» DATA IN THIS EXERCISE
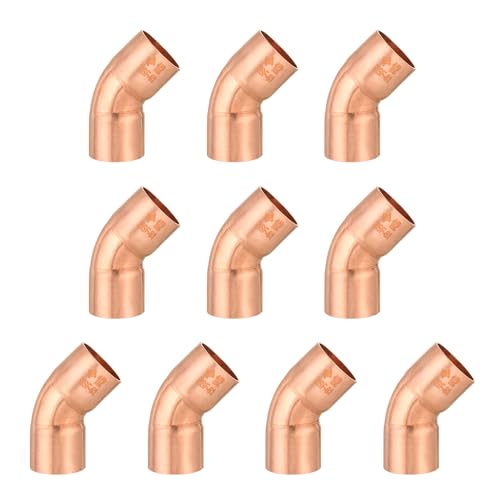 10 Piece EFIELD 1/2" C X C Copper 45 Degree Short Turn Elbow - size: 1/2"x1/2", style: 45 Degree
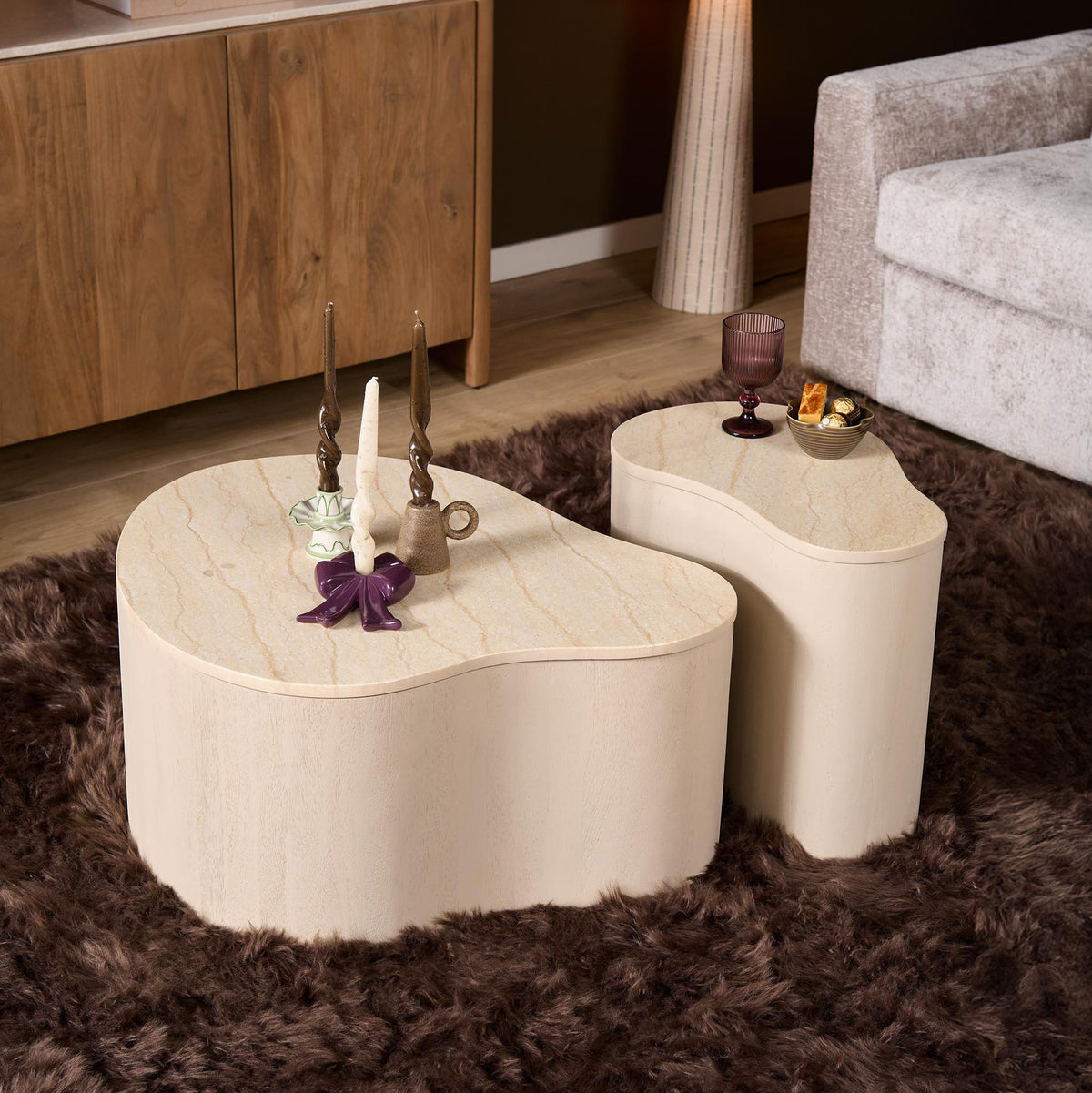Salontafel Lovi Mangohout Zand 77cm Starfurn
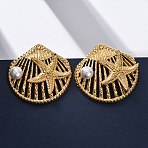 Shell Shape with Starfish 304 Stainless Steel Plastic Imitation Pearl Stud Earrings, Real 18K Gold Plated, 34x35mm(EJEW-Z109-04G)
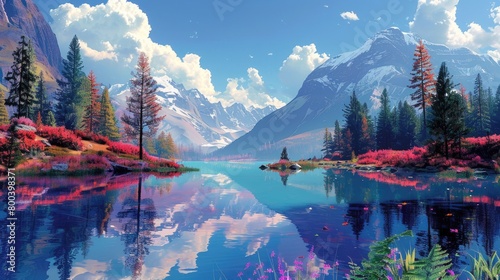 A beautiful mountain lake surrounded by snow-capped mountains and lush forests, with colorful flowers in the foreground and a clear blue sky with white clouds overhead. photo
* * *
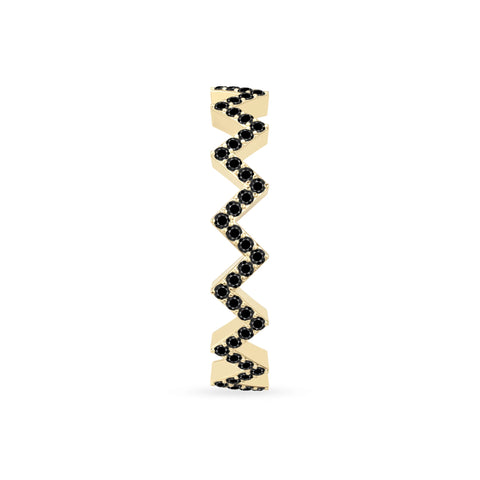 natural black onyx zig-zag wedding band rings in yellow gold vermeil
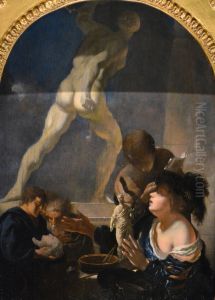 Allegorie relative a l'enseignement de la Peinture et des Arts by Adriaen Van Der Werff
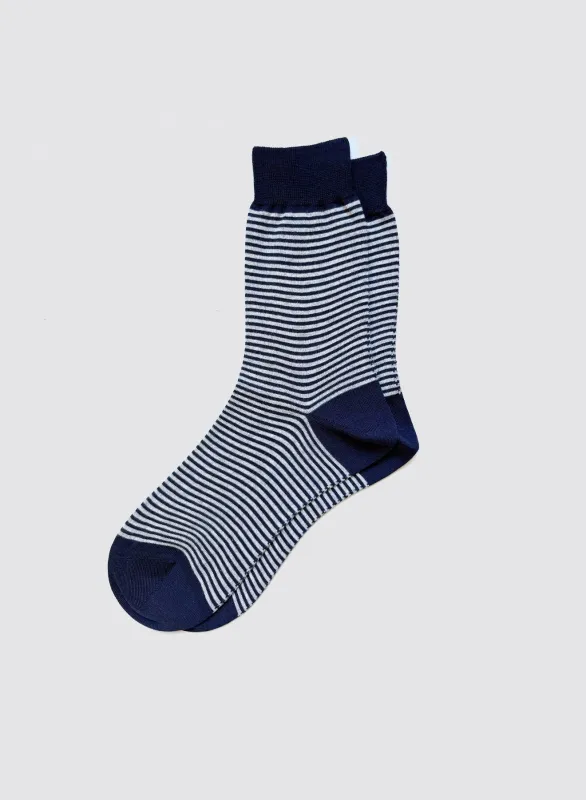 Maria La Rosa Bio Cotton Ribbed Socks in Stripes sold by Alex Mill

» WHAT YOU ARE ASKED TO DO
Reproduce the entries exactly, from the line with "10 Piece EFIELD" to the line with "A beautiful mountain", both lines included, keeping no pictures.

» FINISHED EXERCISE
 10 Piece EFIELD 1/2" C X C Copper 45 Degree Short Turn Elbow - size: 1/2"x1/2", style: 45 Degree
Salontafel Lovi Mangohout Zand 77cm Starfurn
 Shell Shape with Starfish 304 Stainless Steel Plastic Imitation Pearl Stud Earrings, Real 18K Gold Plated, 34x35mm(EJEW-Z109-04G)
 A beautiful mountain lake surrounded by snow-capped mountains and lush forests, with colorful flowers in the foreground and a clear blue sky with white clouds overhead. photo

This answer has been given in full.